• [What the exercise asks]: Could you write out every record below exactly, leaving the pictures out?

Data entries:
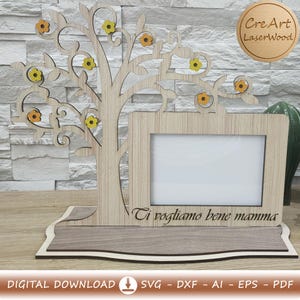 Può includere: Cornice in legno a forma di albero, decorata con fiori gialli e arancioni. La cornice ha un'apertura rettangolare per una foto e il testo italiano "Ti vogliamo bene mamma". Realizzata in legno marrone chiaro.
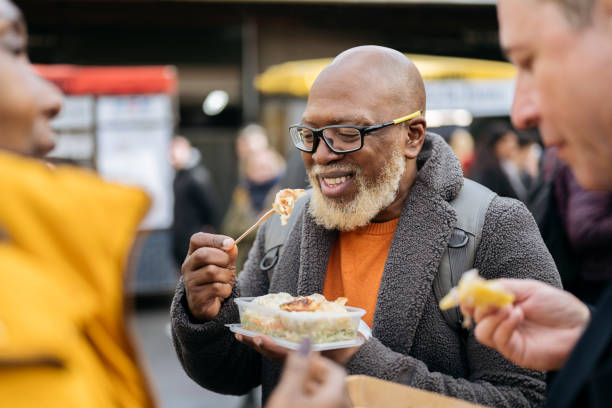 Smiling Londoner enjoying convenience food outdoors Mature Black couple and Caucasian friend talking and eating as they spend weekend leisure together at Southwark market hall. borough market stock pictures, royalty-free photos & images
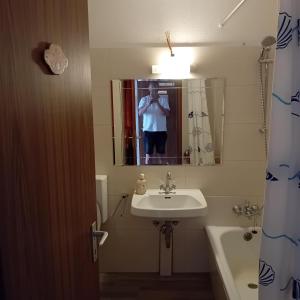 a man taking a picture of a bathroom with a sink at Ferienwohnung Oshowski in Berchtesgaden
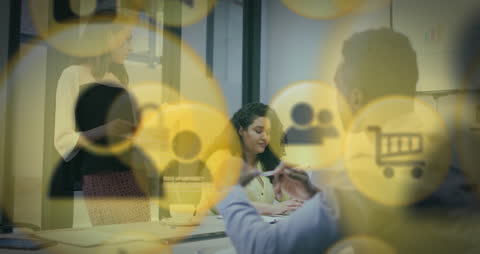 Diverse Team Collaborating with Digital Icons in Tech Environment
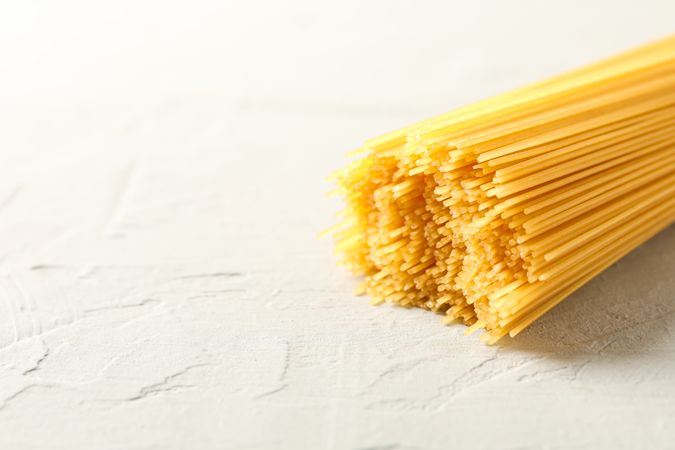 Pasta on light background, space for text and closeup. Uncooked whole wheat pasta
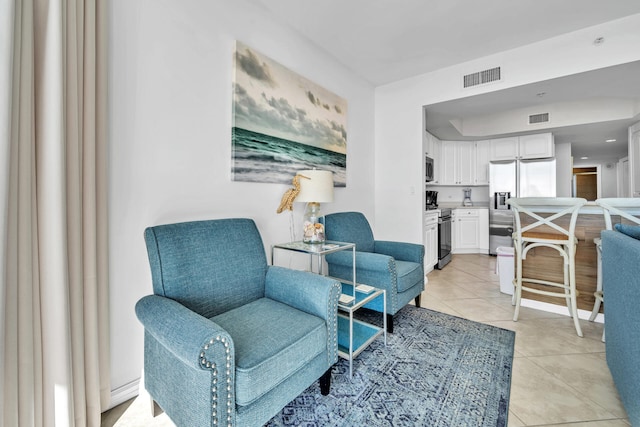 sitting room with light tile patterned floors and visible vents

• [Answer box]:
 Può includere: Cornice in legno a forma di albero, decorata con fiori gialli e arancioni. La cornice ha un'apertura rettangolare per una foto e il testo italiano "Ti vogliamo bene mamma". Realizzata in legno marrone chiaro.
 Smiling Londoner enjoying convenience food outdoors Mature Black couple and Caucasian friend talking and eating as they spend weekend leisure together at Southwark market hall. borough market stock pictures, royalty-free photos & images
 a man taking a picture of a bathroom with a sink at Ferienwohnung Oshowski in Berchtesgaden
 Diverse Team Collaborating with Digital Icons in Tech Environment
 Pasta on light background, space for text and closeup. Uncooked whole wheat pasta
 sitting room with light tile patterned floors and visible vents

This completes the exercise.